Dengan situasi ini, menurut pengamatan Rai al-Youm, al-Sudani akan menemui kesulitan dalam upayanya menyusun Kabinet sesuai waktu, meskipun bukanlah hal mustahil.
“Karena sejarah sejak invasi AS ke Irak tahun 2003 menunjukkan bahwa koalisi-koalisi di Irak berubah secara cepat karena intervensi asing. Khususnya, mayoritas mereka bekerja di kamar tertutup, saling tawar-menawar, pembagian saham, perhitungan politik dan kadang ekonomi serta uang,” tulis Rai al-Youm.
Menurut keyakinan surat kabar kondang dunia Arab ini, Gerakan Sadr hanya memiliki dua pilihan pasca kemenangan lawan dan kontrol mereka di dua instansi eksekutif dan legislatif:
Pertama: Diam menjadi penonton, mengamati serta menunggu kehancuran opini baru dan penyelenggaraan putaran anyar Pemilu.
Kedua: Mendorong para pengikutnya agar kembali memenuhi jalanan yang dimungkinkan akan berubah ke perang saudara. Gerakan Sadr memiliki sejarah kental dengan urusan ini. Karena pada tanggal 13 Oktober kemarin merupakan titik sejarah Irak.

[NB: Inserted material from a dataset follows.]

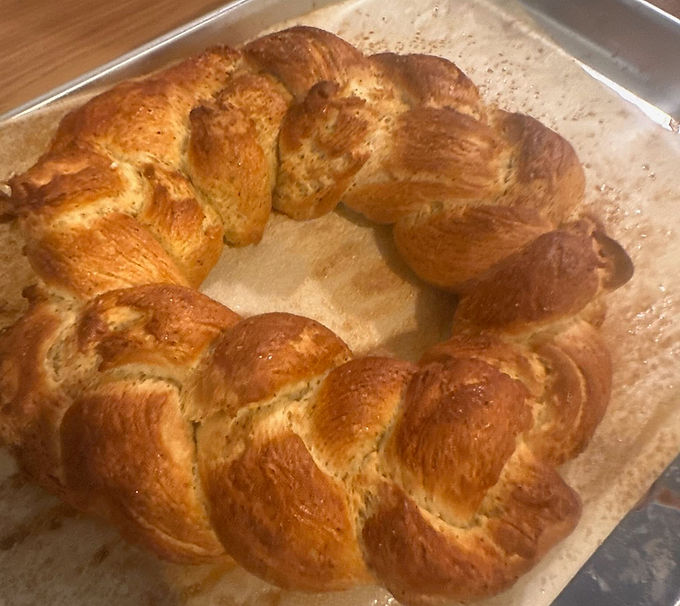 BreadCardamom.jpeg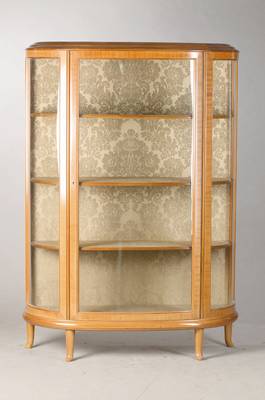 Vitrine, 3-fach gewölbt verglast, Möbelfabrik Bruderhaus Reutlingen, um 1915/20, Mahagoni, passend dazugearbeitet, 1-türig, 3-seitig verglast, ca. ...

“Kancah dalam negeri Irak sekarang ini sedang menjalani ketenangan. Jelas bahwa ketenangan ini terbatas. Kekhawatiran dan kekeroposan dalam hal ini sangatlah jelas terlihat, khususnya para pemain asing yang sedang berupaya memancing di air keruh. Karena AS terus fokus pada Iran dan secara terang-terangan mendukung demonstrasi buatan kemarin, jadi sangatlah sulit bagi Washington menerima sekutu Tehran menguasai pemerintahan Baghdad setelah mereka membiayai upaya pendudukannya seharga 6 triliun dolar,” analisa Rai al-Youm.
“Ada banyak hal kejutan di Irak saat ini, namun memangnya kapan Irak pernah stabil, khususnya pasca pendudukan dan serangan AS? Target abadi AS adalah memecah Irak dan menghancurkan identitas sosial, persatuan nasional, kedaulatan dan mencegah hidupnya pengaruh serta kedudukannya di masa depan dan di Kawasan,” yakin analis Rai al-Youm.
“Kami di surat kabar Rai al-Youm berharap Irak melewati krisisnya dan melangkah di jalan keamanan, stabilitas dan persatuan dengan cepat, meskipun kami sangat menyadari bahwa impian adalah satu hal dan fakta adalah hal lain,” tutupnya.